There are precedents: Ecovacs vacuums were hijacked in 2024 to chase pets and broadcast slurs (read more), and South Korean agencies flagged a Dreame X50 Ultra flaw in 2025 that could expose camera feeds (report). Camera manufacturers have stumbled before too – see reporting on Wyze and Anker’s Eufy that raised similar privacy alarms (Wyze, Eufy, Eufy follow-up).

”This is a server-side authorization failure, not a cryptography problem,” says Dr. Lena Ortiz, senior analyst at SecureHome Labs. ”Companies can and should enforce topic-level ACLs and minimum-privilege patterns on MQTT brokers to prevent a single valid token from turning into a universal key.”

Azdoufal says he didn’t publish sensitive data or try to exploit anyone’s device for harm; he livestreamed his findings while tinkering with controller support and put the Romo gamepad code on GitHub (yamasammy/dji-romo-video-control). He also admits he ignored the usual responsible-disclosure dance – ”I fucking don’t care, I just want this fixed,” he told me – because he wanted pressure on DJI to act faster than a standard bug bounty timeline might have allowed.

Why this matters

Cloud-first device models make modern smart-home gadgets useful outside the local network, but they also concentrate risk on the server. If a backend accepts broader-than-intended subscriptions, any authenticated client could snoop on or send commands to unrelated devices. That matters more when devices have cameras and microphones. People don’t expect a vacuum to double as a potential spy.

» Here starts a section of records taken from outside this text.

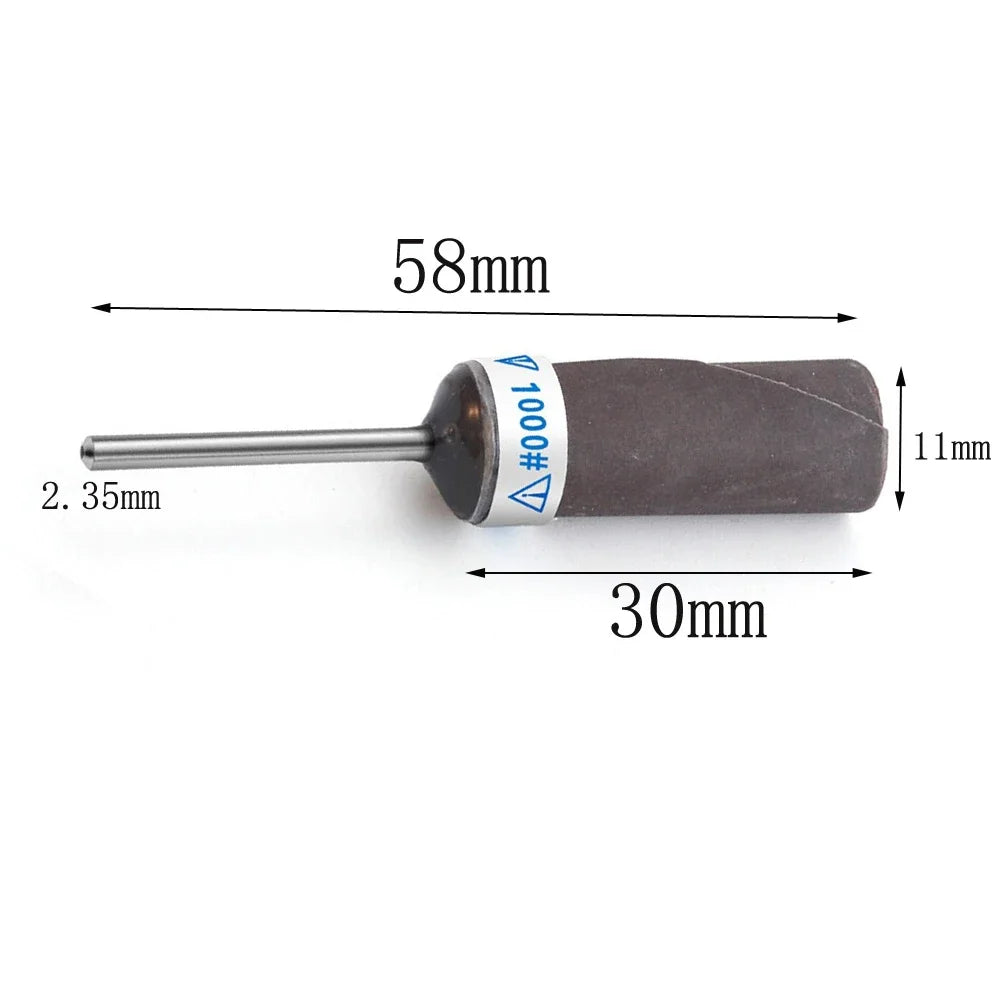 5pcs Sandpaper Stick Grinding Head P800-P2000 Sanding Paper Rod Grinding Head For Mirror Polishing Metal Wood Jwellery Oasis Select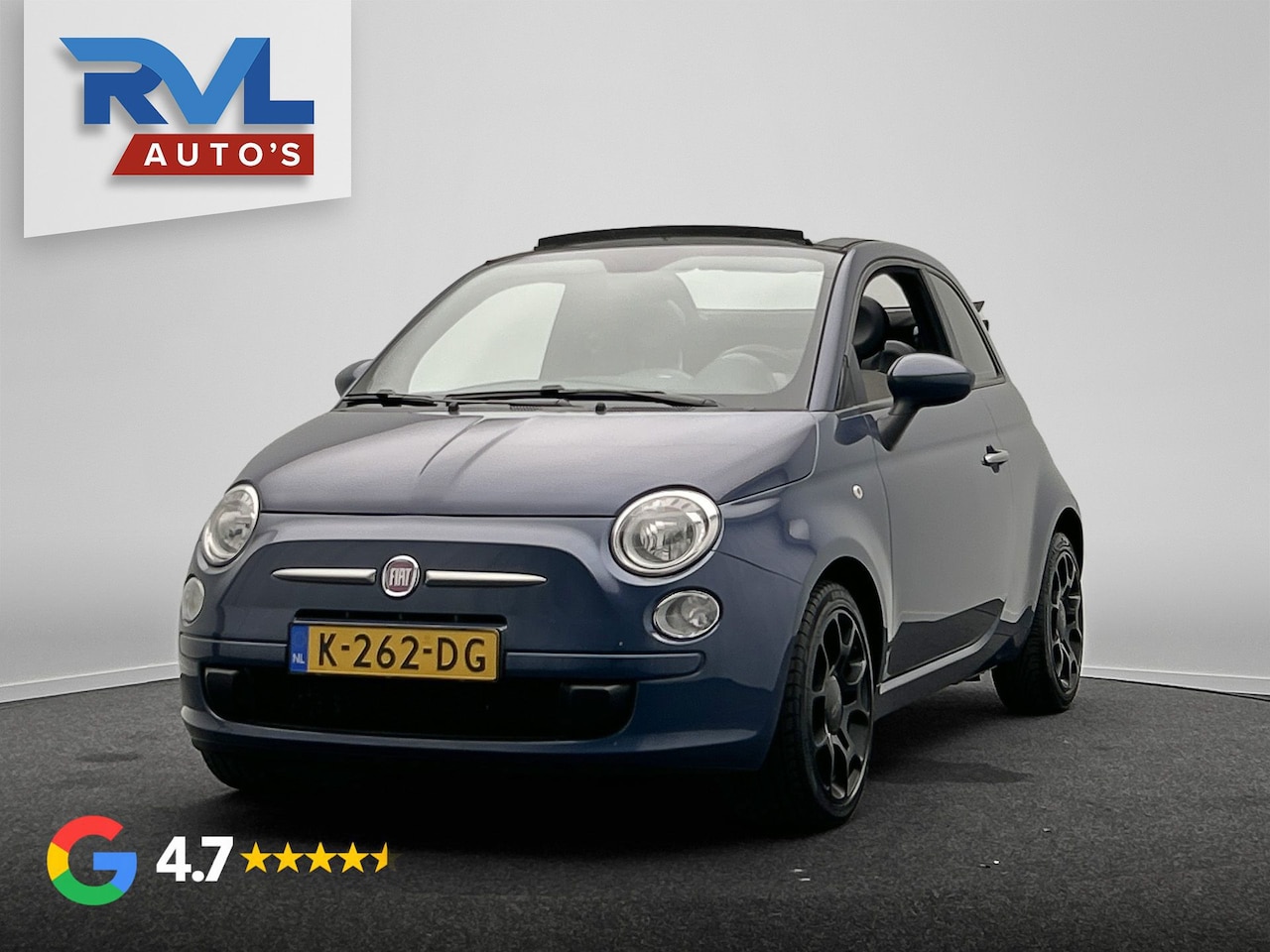 Fiat 500 C - 0.9 TwinAir Lounge | Softtop| Airco | LMV | Elek. Ramen | PDC | Centrale Vergrendeling | - AutoWereld.nl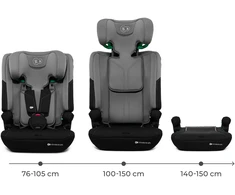 KINDERKRAFT automobilinė kėdutė I-COMFY, i-Size, tamsiai pilka, KCICOM00DGR0000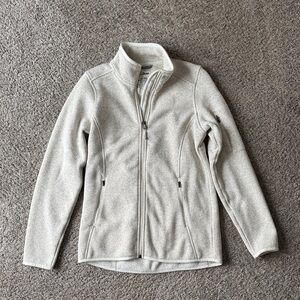 L.L. Bean women’s fleece Full-Zip Jacket XS Sailcloth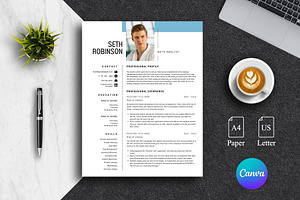 Modern Resume Template Pack | Canva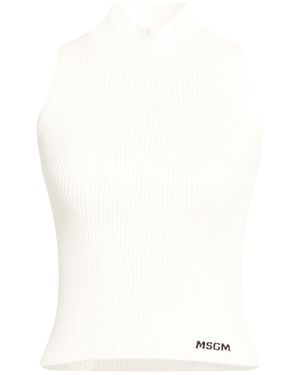 MSGM Turtleneck - White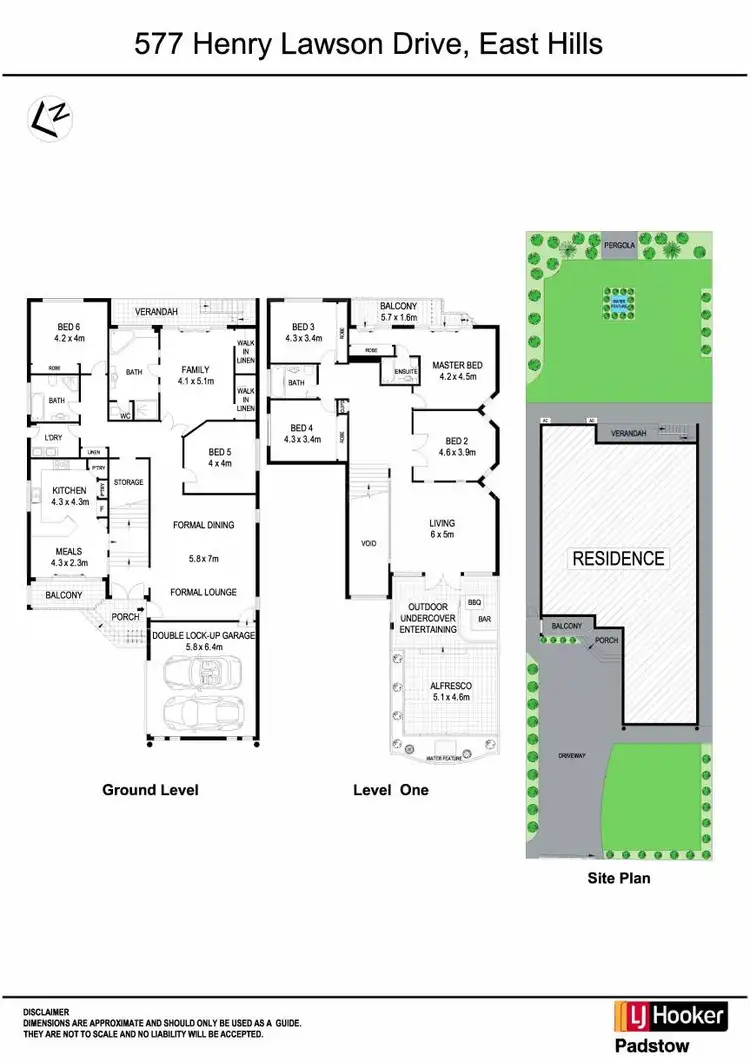 Floorplan of Homely house listing, 577 Henry Lawson Drive, East Hills NSW 2213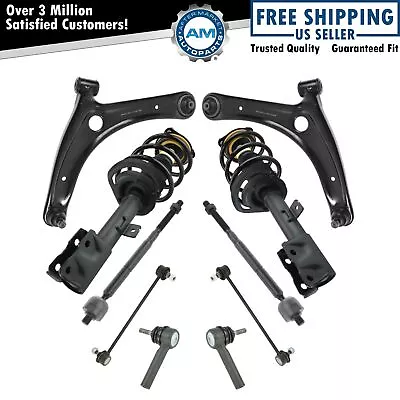 10pc Steering Suspension Kit Complete Struts Control Arms Tie Rods End Links • $371.24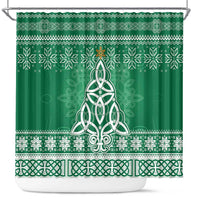 Christmas Ireland Celtic Shower Curtain Special Xmas Tree - Wonder Print Shop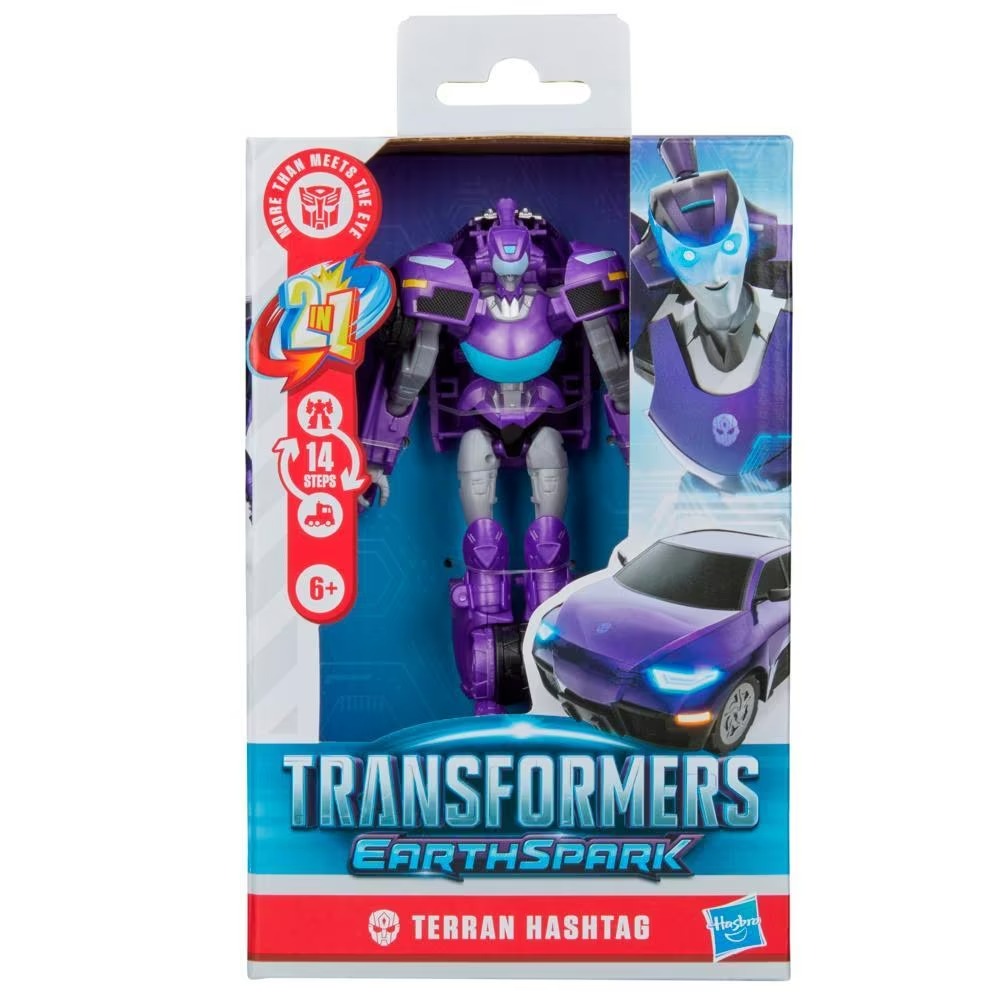 Transformers EarthSpark Terran Hashtag Deluxe Figür – 2’si 1 Arada Robot ve Kamyonet Oyuncak Transformers EarthSpark Terran Hashtag Deluxe Figür – 2’si 1 Arada Robot ve Kamyonet Oyuncak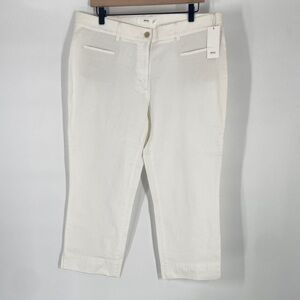 brax White Slim Pants Size 44 NWT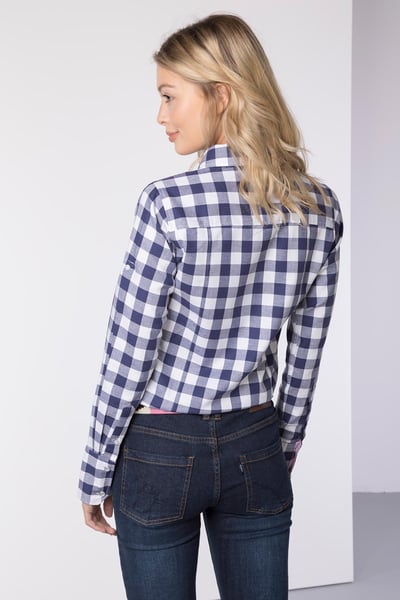 Ladies Hannah Country Shirt - Holly II - Navy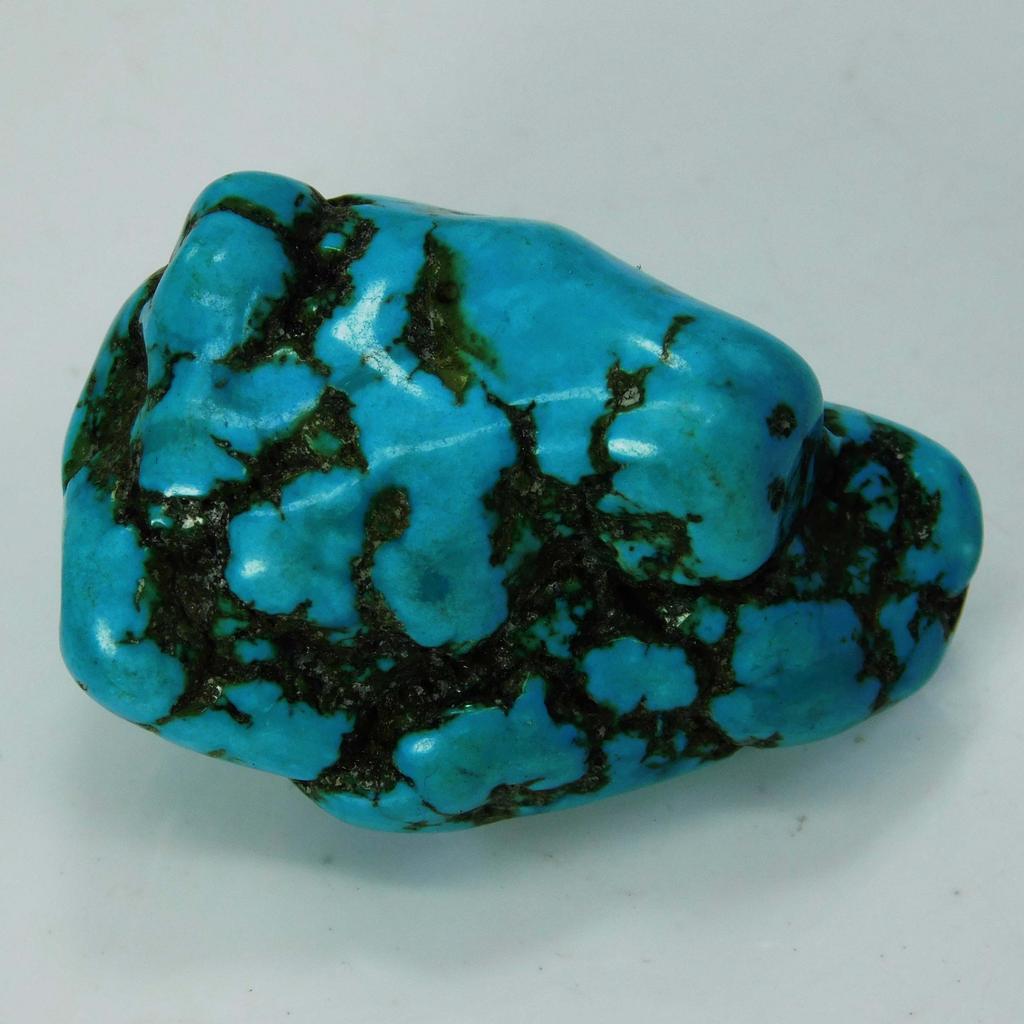 Blue Turquoise Rough Slab 79 Ct Natural CERTIFIED Loose Gemstone Rough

What to watch next: will DJI harden server-side ACLs, offer a more transparent postmortem, and push a firmware or app change to enforce per-device authentication? Regulators and enterprise customers may also take renewed interest – DJI already faced U.S. restrictions tied to broader national-security concerns (background).

Takeaway

This episode is a reminder that securing smart devices requires more than TLS and a bug bounty. Companies must design backends with least-privilege access in mind and make sure patches actually reach every service node. Expect more scrutiny of IoT cloud practices, and don’t be surprised if buyers start asking whether a vacuum needs a microphone at all.

For now, DJI says it has deployed fixes and that the issue was addressed via updates on February 8 and February 10. But the fact that a researcher in Barcelona could enumerate thousands of robots and, for a time, view live feeds across regions will be a hard sell to anyone who values privacy. If history is any guide, sunlight plus clear technical fixes is the only path back to consumer trust.